Dado que así están nuestras leyes, solo queda tragar. Lo que de ninguna manera estamos obligados a soportar es que se nos tome por imbéciles. Si Sánchez tiene por moralmente aceptable sacar de la cárcel a delincuentes para perpetuarse en el poder y el indulto gubernamental se lo permite (un mecanismo que no solo viola la separación de poderes sino que es el vestigio más rancio del ejercicio del poder como concesión magnánima [«¡Suelta a Brian!»], pero esa es otra guerra), allá él: los votantes nunca podremos decir en defensa propia que empezó a mentir después de ganar las elecciones.

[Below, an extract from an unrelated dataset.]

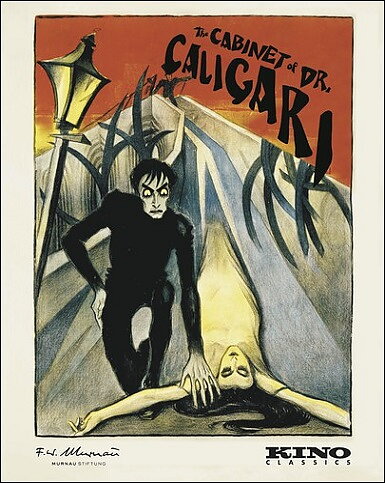 Cabinet Of Dr. Caligari (BLU-RAY)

Sabíamos lo que había.
Lo que clama al cielo es que se nos ponga episcopal y nos hable del perdón y la paz y un camino nuevo y los misioneros combonianos. Vamos a ver, ciudadano Sánchez; vas a hacer lo contrario de lo que dijiste que harías (una vez más) porque te va el cargo en ello. A ti que los delincuentes duerman en casa o que vayan a la cárcel sin pasar por la salida y sin cobrar 20000 (llevo un ratito sin jugar, sí) te importa un comino, y si la poltrona, esa protagonista de tus desvelos, dependiera de que Puigdemont durmiera en Soto del Real te ibas a Waterloo y te lo traías a hombros, y entonces, con la misma soltura con la que ahora citas a Pilatos, nos soltarías una catequesis igual de farisaica y cursi sobre la importancia de cumplir la ley y la justicia y la fortaleza del Estado.
Que mal está que lo haga, pero al fin y al cabo pedir a un arribista con complejo napoleónico que anteponga un país a su propio beneficio es pedirle a la cabra que se mantenga en la parte llana; lo que no hay forma de tragar es la pose benedictina y que nos dé una charla sobre el perdón un tipo cuyo penúltimo caballo de batalla era arreglar cuentas de hace 80 años.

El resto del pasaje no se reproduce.